Savez-vous qu’un Français se cache derrière les classiques Le Pont de la rivière Kwaï et La planète des singes ? C’est en effet l’écrivain Pierre Boulle qui est l’auteur de ces deux romans, à l’origine de deux énormes succès hollywoodiens. Le romancier, mort en 1994 à l’âge de 81 ans, reste pourtant largement méconnu en France. Bernard Werber, invité dimanche dans l’émission La Voix est livre sur Europe 1, lui a rendu un vibrant hommage.
"C’est comme si, en France, on ne savait pas que cet auteur existe"
"Quand Pierre Boulle est mort, j'ai voulu faire une nécrologie dans le magazine où je travaillais à l'époque. Je leur ai dit que c'est lui qui a écrit La planète des singes, alors qu'ils pensaient que c'était un film américain et ne savait pas que ça venait d'un auteur français", a raconté l’auteur de la saga des Fourmis. "C'est aussi lui qui a fait Le pont de la rivière Kwaï. Il est mort à Paris et j'ai vu qu'il n'y avait pratiquement aucune nécrologie sur lui. C'est comme si, en France, on ne savait pas que cet auteur existe. Il est connu qu’aux Etats-Unis, et dans le reste du monde il nous revient en tant que produit américain", a déploré Bernard Werber.
"C'est quand même dommage qu'il y ait cet ostracisme envers tout ce qui ressemble de près ou de loin à la science-fiction. Je pense que Pierre Boulle, dans 150 ans, aura encore du sens", a-t-il assuré.

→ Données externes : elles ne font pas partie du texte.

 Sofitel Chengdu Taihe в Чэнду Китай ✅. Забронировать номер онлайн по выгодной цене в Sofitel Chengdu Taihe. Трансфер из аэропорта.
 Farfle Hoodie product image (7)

"Il y a de l’ostracisme envers tout ce qui ressemble à de la science-fiction"
Plus largement, l’écrivain a déploré le traitement de la science-fiction en France. "Après Jules Verne, on a décidé que la science-fiction était un truc anglo-saxon et que nous, les Français, on devait rester dans l'introspection. Quand j'étais journaliste scientifique, j'ai pu me rendre compte que souvent, les journalistes venant de facs littéraires, on leur a formaté la tête pour leur dire que tout ce qui ressemble de près ou de loin à du fantastique ou de la science-fiction n'est pas de la vraie littérature. On dit que c'est de la littérature pour les jeunes, avec tout ce que ça sous-entend comme un côté péjoratif", s’est désolé Bernard Werber.
"On a considéré qu'on a perdu cette bataille. Il y a très peu de représentations de la science-fiction française, qui est exsangue et qui est un petit ghetto qui malheureusement n'arrive pas à être visible. J'aurais aimé être un bateau qui ouvre un peu le chemin pour qu'il y ait réellement une nouvelle génération d'auteurs de fantastique, de science-fiction, d'imaginaire. Mais c'est vraiment difficile parce que toutes les portes sont fermées depuis très longtemps."